第2話:訃報

「父上……」


 アレクサンドラが産まれて少し経った雨が降るある日のこと。リッター家当主のブルーメは執務室から戦争に行った父、アレクサンダーの無事を祈っていた。


——コンコン


「主様、戦争に進展がありましたのでご連絡を」


「入りなさい」


 執務室の扉が鳴り、執事のセバスが入ってきて報告を行う。


「敵軍の指揮官、ダニエル・コマンダムを打ち取ったとのこと。しかし、ほぼ同タイミングで自軍の指揮官であるゲルト・シュタルク第三王子が打ち取られたため、両軍ともに敗走という結果になりました」


 つまり引き分けである。しかし一騎打ちをしたわけでもないのに、両軍の指揮官が同タイミングで打ち取られるという珍しい事態にブルーメは違和感を持ったが、それよりもまず報告をという事で先を促した。


「続きまして、戦争による被害についてですが、我らシュタルク帝国は総軍10万に対して死者1500、重軽傷者が3万。
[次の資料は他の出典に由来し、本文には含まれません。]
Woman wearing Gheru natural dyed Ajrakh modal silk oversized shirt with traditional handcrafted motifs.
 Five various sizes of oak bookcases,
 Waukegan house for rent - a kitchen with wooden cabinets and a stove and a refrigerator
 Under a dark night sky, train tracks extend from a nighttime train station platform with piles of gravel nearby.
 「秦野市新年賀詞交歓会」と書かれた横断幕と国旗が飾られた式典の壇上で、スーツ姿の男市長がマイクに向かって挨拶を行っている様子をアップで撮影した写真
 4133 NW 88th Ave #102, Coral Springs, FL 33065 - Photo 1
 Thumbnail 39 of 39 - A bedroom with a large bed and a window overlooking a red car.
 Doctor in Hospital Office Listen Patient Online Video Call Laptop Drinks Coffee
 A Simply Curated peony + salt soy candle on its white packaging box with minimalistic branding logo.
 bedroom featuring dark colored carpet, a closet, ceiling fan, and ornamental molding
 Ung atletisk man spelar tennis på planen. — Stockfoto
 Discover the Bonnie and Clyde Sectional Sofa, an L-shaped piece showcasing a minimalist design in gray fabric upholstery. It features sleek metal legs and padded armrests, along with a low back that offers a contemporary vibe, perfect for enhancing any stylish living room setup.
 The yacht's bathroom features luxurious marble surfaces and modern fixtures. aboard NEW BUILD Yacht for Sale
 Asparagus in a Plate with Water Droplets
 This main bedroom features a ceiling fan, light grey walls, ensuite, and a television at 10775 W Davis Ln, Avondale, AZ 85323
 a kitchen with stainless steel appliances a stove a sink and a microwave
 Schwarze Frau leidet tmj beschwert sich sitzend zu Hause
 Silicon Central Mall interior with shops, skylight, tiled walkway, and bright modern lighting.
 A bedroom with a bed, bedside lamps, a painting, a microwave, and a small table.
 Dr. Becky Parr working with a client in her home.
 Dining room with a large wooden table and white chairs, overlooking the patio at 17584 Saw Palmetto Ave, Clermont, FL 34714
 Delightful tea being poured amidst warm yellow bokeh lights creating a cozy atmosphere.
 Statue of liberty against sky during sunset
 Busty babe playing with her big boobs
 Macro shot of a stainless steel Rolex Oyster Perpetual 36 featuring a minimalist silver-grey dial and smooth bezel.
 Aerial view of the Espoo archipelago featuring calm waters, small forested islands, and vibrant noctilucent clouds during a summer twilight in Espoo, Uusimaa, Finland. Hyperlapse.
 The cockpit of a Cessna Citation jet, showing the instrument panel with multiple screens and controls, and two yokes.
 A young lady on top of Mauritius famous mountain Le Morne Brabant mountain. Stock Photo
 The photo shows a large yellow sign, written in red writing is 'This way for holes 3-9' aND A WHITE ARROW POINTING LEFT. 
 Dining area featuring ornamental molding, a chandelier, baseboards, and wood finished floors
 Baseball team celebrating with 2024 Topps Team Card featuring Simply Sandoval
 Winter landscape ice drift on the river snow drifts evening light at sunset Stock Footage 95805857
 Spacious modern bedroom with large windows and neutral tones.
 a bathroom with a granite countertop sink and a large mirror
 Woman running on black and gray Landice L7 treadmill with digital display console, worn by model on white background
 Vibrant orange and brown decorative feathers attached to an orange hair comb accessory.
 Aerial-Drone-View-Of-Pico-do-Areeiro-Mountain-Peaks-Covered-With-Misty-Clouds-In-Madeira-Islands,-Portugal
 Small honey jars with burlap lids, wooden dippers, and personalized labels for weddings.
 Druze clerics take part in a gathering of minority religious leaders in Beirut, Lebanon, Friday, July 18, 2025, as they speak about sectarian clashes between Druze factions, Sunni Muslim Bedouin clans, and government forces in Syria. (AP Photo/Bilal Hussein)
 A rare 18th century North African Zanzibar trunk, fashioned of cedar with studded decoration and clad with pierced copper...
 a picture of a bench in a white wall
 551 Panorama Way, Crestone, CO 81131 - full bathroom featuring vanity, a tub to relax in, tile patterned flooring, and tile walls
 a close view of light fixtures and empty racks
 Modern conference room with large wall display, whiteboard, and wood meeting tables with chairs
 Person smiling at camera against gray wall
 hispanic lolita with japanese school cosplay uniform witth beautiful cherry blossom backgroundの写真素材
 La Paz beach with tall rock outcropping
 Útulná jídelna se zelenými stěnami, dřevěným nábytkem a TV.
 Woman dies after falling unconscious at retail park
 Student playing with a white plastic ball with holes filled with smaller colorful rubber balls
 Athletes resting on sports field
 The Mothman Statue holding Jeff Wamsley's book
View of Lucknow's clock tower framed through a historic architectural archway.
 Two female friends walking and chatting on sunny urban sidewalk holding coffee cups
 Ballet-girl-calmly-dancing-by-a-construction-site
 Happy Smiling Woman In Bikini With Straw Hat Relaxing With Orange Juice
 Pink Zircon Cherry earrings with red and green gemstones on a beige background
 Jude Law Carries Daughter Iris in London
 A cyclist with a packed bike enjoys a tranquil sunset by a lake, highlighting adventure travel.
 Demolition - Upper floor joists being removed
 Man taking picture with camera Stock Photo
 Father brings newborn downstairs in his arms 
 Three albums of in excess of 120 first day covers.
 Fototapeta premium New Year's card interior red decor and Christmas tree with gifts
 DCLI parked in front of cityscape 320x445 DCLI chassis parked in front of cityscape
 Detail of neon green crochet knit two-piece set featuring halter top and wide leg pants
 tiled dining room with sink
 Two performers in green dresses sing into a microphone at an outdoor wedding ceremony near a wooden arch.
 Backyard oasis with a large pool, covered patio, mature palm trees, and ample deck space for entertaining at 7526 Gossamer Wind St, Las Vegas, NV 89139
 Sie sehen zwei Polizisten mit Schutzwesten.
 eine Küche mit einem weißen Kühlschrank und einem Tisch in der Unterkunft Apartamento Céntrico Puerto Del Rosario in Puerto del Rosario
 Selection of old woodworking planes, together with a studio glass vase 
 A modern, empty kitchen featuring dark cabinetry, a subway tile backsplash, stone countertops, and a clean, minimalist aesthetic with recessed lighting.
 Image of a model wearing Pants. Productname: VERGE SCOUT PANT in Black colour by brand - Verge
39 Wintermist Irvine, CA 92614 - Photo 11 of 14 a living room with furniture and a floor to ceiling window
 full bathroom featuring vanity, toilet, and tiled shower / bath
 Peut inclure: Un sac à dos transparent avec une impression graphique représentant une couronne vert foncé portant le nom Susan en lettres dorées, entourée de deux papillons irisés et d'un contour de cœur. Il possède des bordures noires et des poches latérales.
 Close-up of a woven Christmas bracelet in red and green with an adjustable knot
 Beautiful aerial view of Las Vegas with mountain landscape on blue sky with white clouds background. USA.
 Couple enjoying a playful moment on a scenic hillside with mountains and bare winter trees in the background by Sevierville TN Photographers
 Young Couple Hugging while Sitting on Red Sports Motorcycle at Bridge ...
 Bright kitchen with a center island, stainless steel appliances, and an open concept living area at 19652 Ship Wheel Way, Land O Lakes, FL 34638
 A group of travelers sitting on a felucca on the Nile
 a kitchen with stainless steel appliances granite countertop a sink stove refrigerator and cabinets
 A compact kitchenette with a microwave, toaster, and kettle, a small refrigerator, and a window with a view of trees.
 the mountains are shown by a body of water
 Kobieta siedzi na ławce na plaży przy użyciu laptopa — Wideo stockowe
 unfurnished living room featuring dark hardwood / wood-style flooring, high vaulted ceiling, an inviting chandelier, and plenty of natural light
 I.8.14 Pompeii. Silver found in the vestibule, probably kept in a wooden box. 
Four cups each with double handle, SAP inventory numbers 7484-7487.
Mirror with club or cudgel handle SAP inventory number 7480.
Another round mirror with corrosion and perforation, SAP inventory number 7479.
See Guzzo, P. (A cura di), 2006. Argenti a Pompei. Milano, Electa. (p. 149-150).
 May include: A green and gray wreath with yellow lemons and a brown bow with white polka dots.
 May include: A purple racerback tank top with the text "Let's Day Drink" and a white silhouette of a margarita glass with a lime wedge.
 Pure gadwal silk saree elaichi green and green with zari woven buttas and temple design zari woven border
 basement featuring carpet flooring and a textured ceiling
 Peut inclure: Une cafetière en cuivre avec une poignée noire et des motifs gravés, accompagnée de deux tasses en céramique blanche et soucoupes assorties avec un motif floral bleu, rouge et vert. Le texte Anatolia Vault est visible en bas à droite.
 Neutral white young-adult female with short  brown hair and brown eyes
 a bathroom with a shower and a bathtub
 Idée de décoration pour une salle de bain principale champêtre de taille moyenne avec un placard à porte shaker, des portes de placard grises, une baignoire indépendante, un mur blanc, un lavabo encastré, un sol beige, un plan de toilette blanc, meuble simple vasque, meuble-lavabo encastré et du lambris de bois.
対してセイクリー聖王国については、また総軍10万に対して、死者2万、重軽傷者数5万となり、全体の被害者数を比べるとこちらの方が敵国に大ダメージを与えたことになります」


「随分と向こうさんは無理したようね。全体の7割を失うまで戦ったなんて。帝国としては予想外だったんじゃないかしら?」


「私もその場にはいなかったのでわかりませんが、この数字を見る限り、普通ならこちらの勝利に終わったはずです。ただ、報告によれば向こうの士気が異常なほどに高いなどで、死をも恐れない特攻を仕掛けてきたとのことです」


「特攻?なんでそんなことを?」


「噂では神託がくだったとか言われてますが、真偽は不明です」


「そう……。まぁいいわ。それで、この後はどうなるのかしら?」


「この後は停戦協定へと移り、そのまま終戦になると予想されます。ただし、先程言ったように今回の敵国の様子は何やら変だとのことで、引き続き警戒するようにとのことです」


「ふーん、といっても、ここはセイクリー聖王国とは正反対の場所にあるから、あまり関係ない気もするけどね。わかったわ。父上についてはどうかしら?」


 そこでセバスは口を閉じ、何やらいいずらそうにしている。もうこれだけでブルーメはある程度察したが、その先を促した。


「先代アレキサンダー・リッターは此度の戦争で亡くなりました」


「……そう。何か言葉を遺していたかしら?」


「『敵は内にあり、龍の眼に解はある』と」


「前半は工作員についてね。龍の眼……、聞いたことないわね」


 不思議な遺言について考えるブルーメであったが、その眼からは涙がこぼれていた。


「ダメね。今は考えが纏まらないわ。少し一人にして頂戴」


「かしこまりました」

 

 セバスが部屋から去った後、執務室の中にブルーメの泣き声が響く。外の雨はより強まり、まるでブルーメの心情を表しているかのようだった。